Job opportunities in the timber industry are managed by the SNPA who has to ensure that harvesting timber is done in a sustainable manner.

Education and advocacy is an important part of SNPA’s mandate. Regular hikes and clean-ups are organised for different groups in order to give them the opportunity to learn about the importance of forests and also to experience and appreciate them.

The SNPA organised four activities over a span of two days to commemorate ‘Forest & Education’ which was the theme for this year’s International Day of Forests.  In line with the theme, the activities were focused on education and school children.

 

Tree Planting and official Launch

Salazie, Sans Soucis was where the commemoration kicked off with an address by SNPA’s Chief Executive Office, Selby Remy.  24 students from Port Glaud, Mont Fleuri and La Rosiere Schools then joined staff from SNPA and the Ministry of Environment, Energy and Climate Change to plant 400 trees.
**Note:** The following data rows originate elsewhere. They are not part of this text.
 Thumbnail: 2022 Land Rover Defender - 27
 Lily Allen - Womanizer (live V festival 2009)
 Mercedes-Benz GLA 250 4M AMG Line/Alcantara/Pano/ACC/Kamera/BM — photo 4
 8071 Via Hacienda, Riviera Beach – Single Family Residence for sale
The trees consisted mainly of palms and mahogany and the crew worked in groups of 3’s to locate suitable spots for planting and then proceeding to dig the holes and remove the plant from its poly pot to be placed in the ground.
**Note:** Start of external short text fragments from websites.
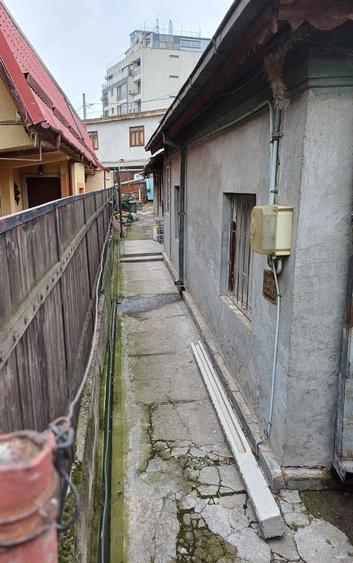 vinzare casa,str.Nucului 38,metrou Mihai Bravu(necesita repara?ii)rog tel.09,00-14,00 - 1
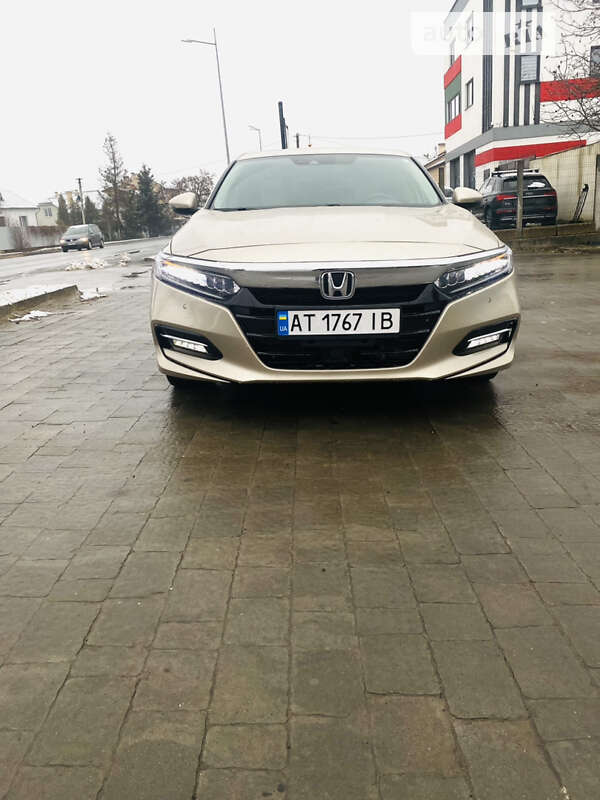 Седан Honda Accord 2020 в Ивано-Франковске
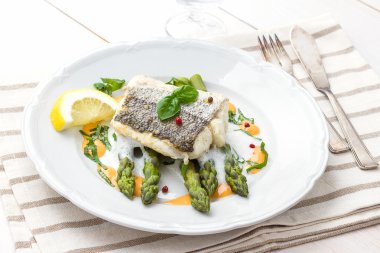 Hake fileto kuşkonmaz köpük sos ile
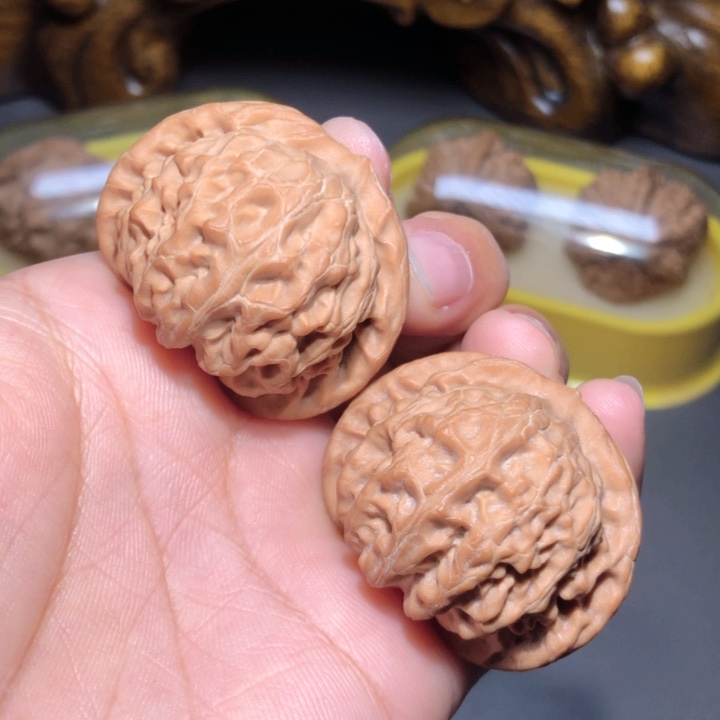 文玩核桃把件40宫灯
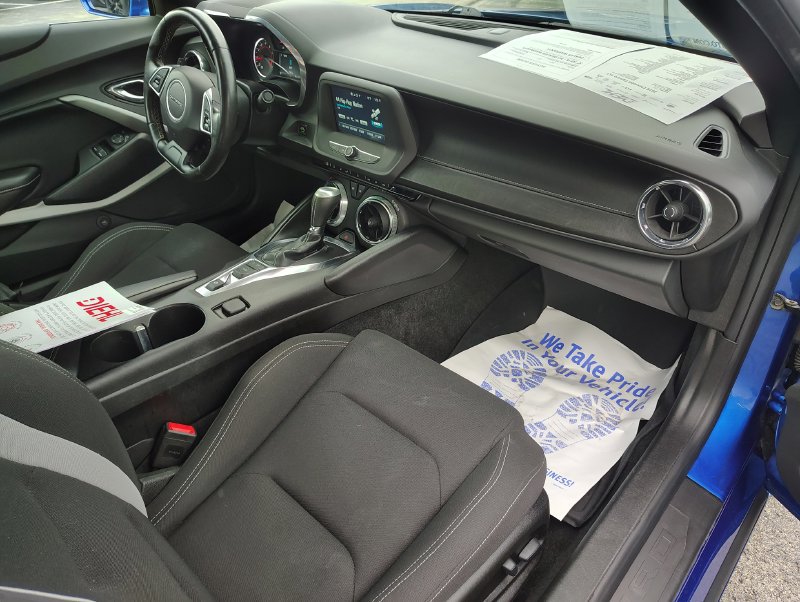 Certified 2018 Chevrolet Camaro LT RWD image 21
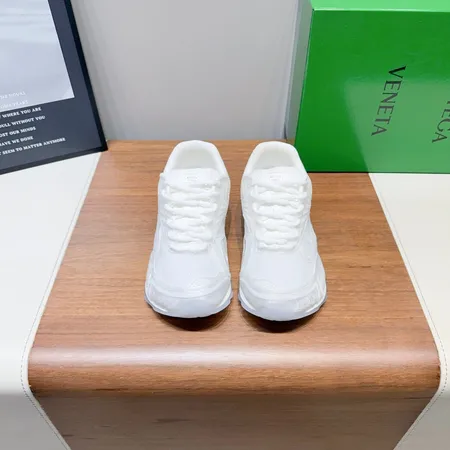 ボッテガ ヴェネタ カジュアルシューズ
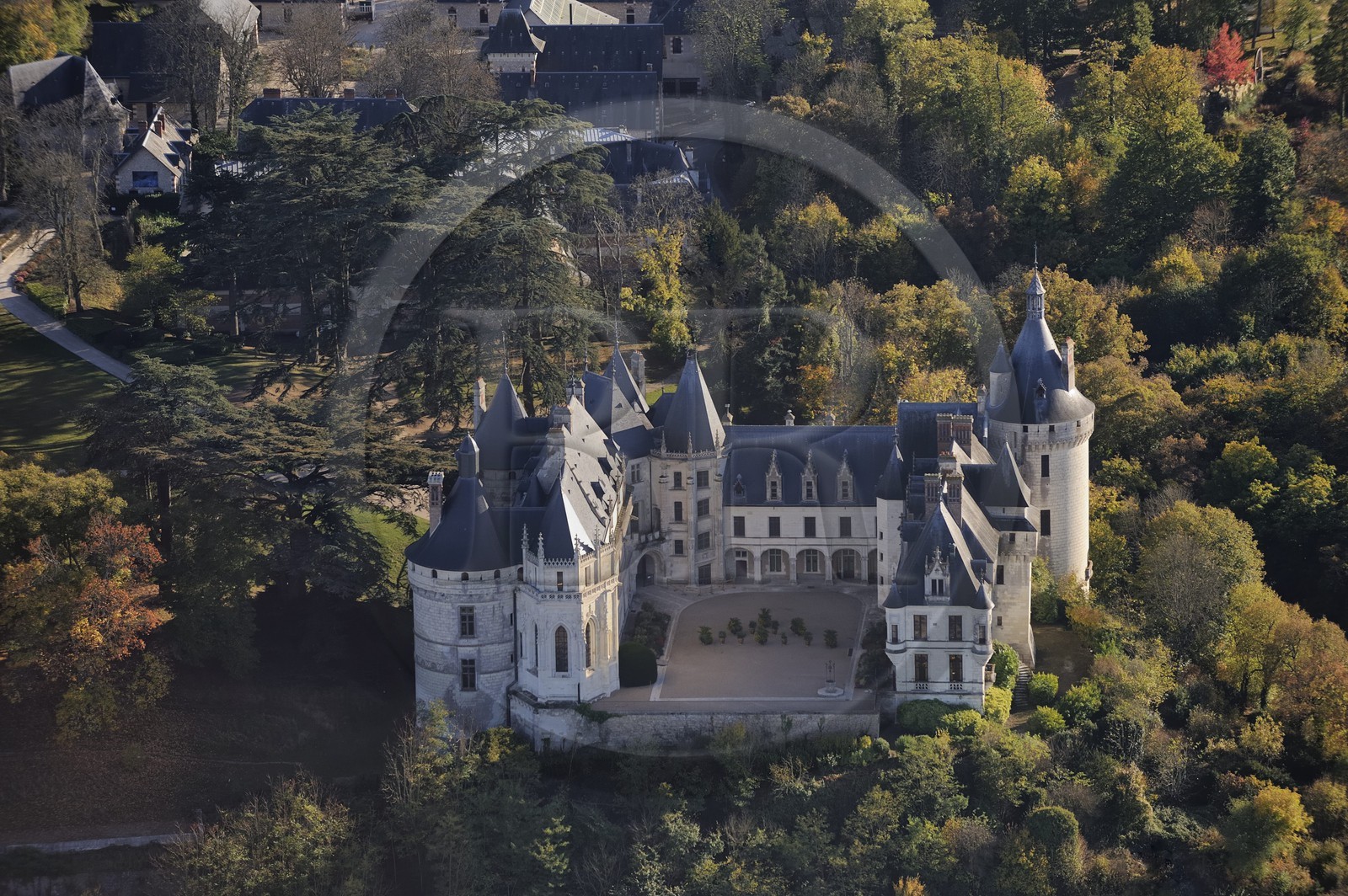 France, Loir-et-Cher (41), Vallée de la Loire classée Patrimoine Mondial de l'UNESCO, château de Chaumont-sur-Loire (vue aérienne)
Tree Planting on Curieuse Island

SNPA collaborated with the Seychelles Development Bank (DBS) and Praslin-based NGO, Terrestrial Restoration Action Society of Seychelles (TRASS) to plant 400 trees with the participation of students from Baie Ste Anne Primary school.

Trail cleaning and exploration

10 students from Beau-Vallon Secondary school and their teacher were accompanied by SNPA rangers on the Mare Aux Cochons Trail for them to discover and appreciate the value of our forests. SBC Radio’s “Dekouver ou Zalantour” also joined the adventure and the programme will be aired in April. The students learned about invasive plants and helped the rangers uproot large amounts of them.
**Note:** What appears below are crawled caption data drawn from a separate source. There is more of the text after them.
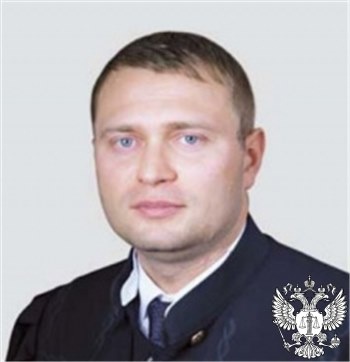 Артем Матета был назначен на должность председателя Солнцевского районного суда указом президента в ноябре 2021 года. Юрисдикция суда распространяется на территории районов Внуково, Ново-Переделкино и Солнцево. До этого Матета был судьей Московского областного суда и председателем Ногинского городского суда Московской области. Согласно информации официального портала судов общей юрисдикции Москвы, Матета родился в 1982 году. У него четвертый (из десяти) квалификационный класс. Собеседник, близкий к системе правосудия, также сообщил, что Артем Матета — сын композитора Игоря Матеты. Фото: судьироссии.рф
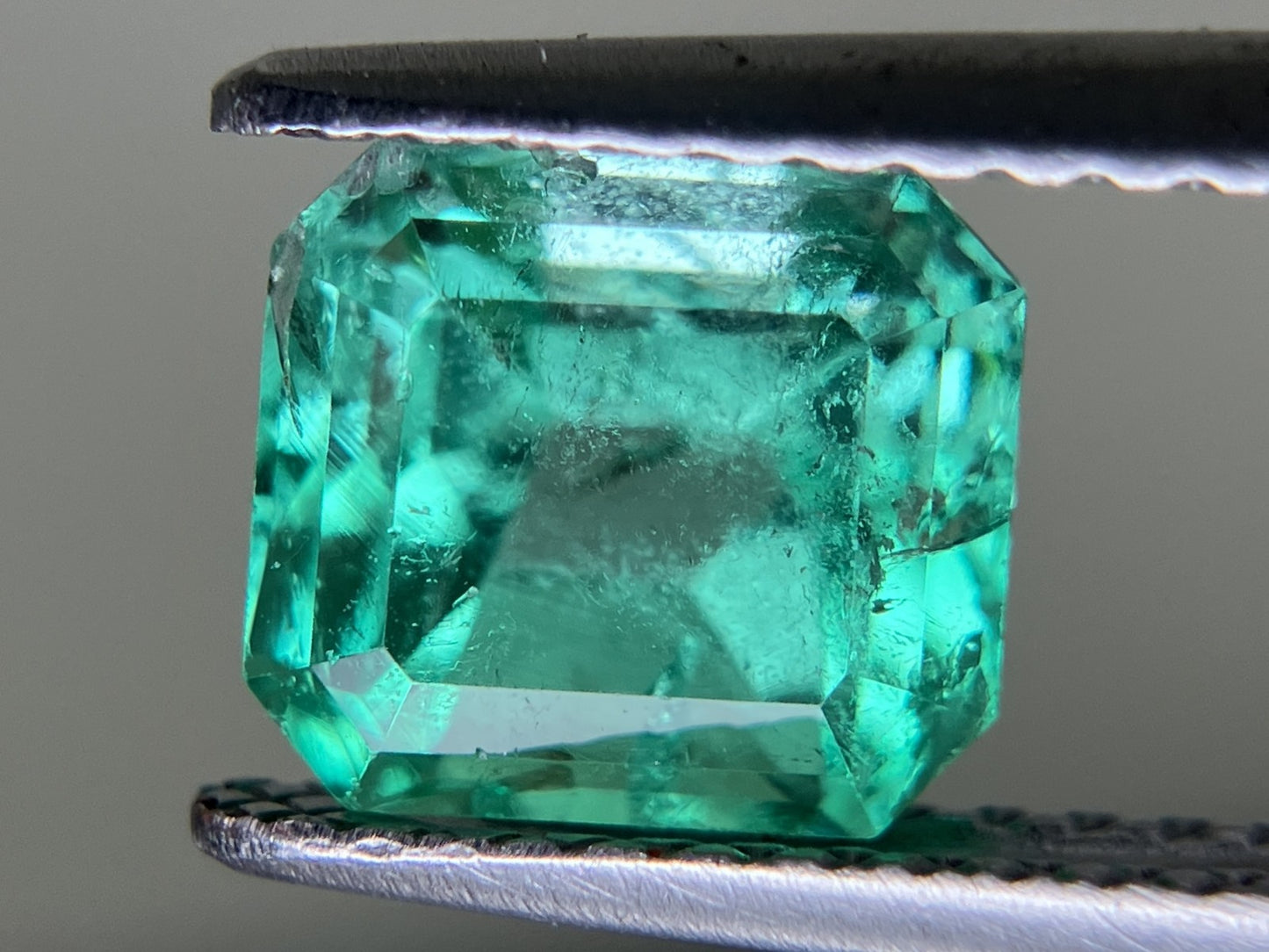 エメラルド  1.685ct  中央宝石ソーティング付き  7.11㎜×6.39㎜×5.51㎜  ルース（ 裸石 ） 3275YY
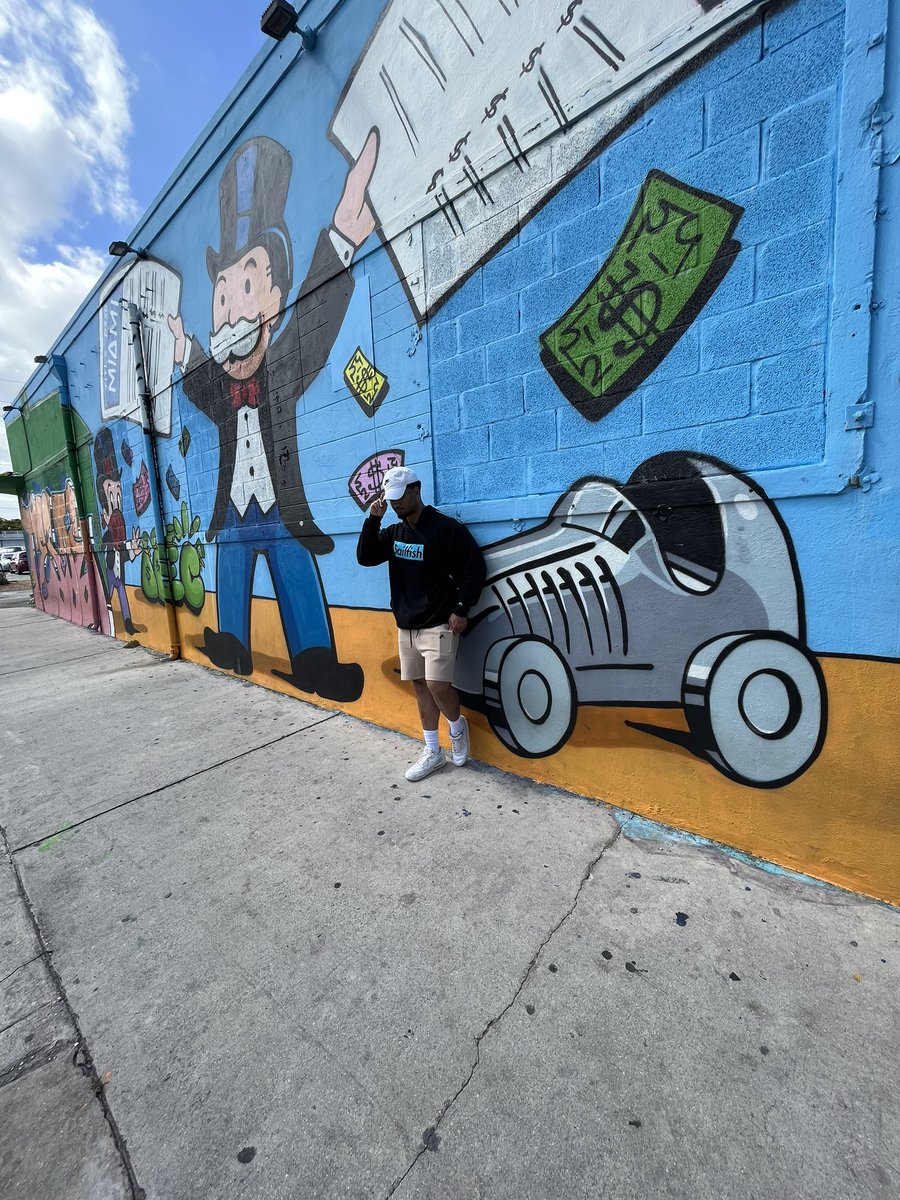 SailfishCrypto's tweet photo. We’re out here! We’ll see you all at the after parties! Hit us up! #graffiti #wynwood #conference day ☝️ ⬇️ #NFTart #miami https://t.co/DPlVf1w0JV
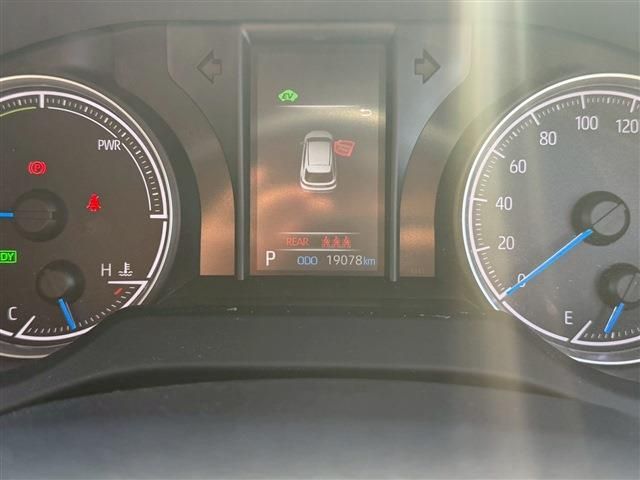 TOYOTA HARRIER HYBRID 2022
Plant Production Session at Grand Anse, Mahé

There was more action than talk at the SNPA Grand Anse Forestry Station where 27 Grand Anse Primary students, along with two of their teachers, participated in various aspects of plant production, from nursery to planting in the field. The session lasted for half a day and 100 endemic trees were planted.

The Minister for Environment, Energy and Climate Change, Mr Wallace Cosgrow, in his message for the occasion re-iterated the importance of the theme, stating, ‘one is never too young nor too old to start learning about trees and plants, and schools must play an important role in teaching about the importance of trees and forest.’ The message also highlighted the connection we have to forests in our daily lives from simple things such as drinking a glass of water to building a house.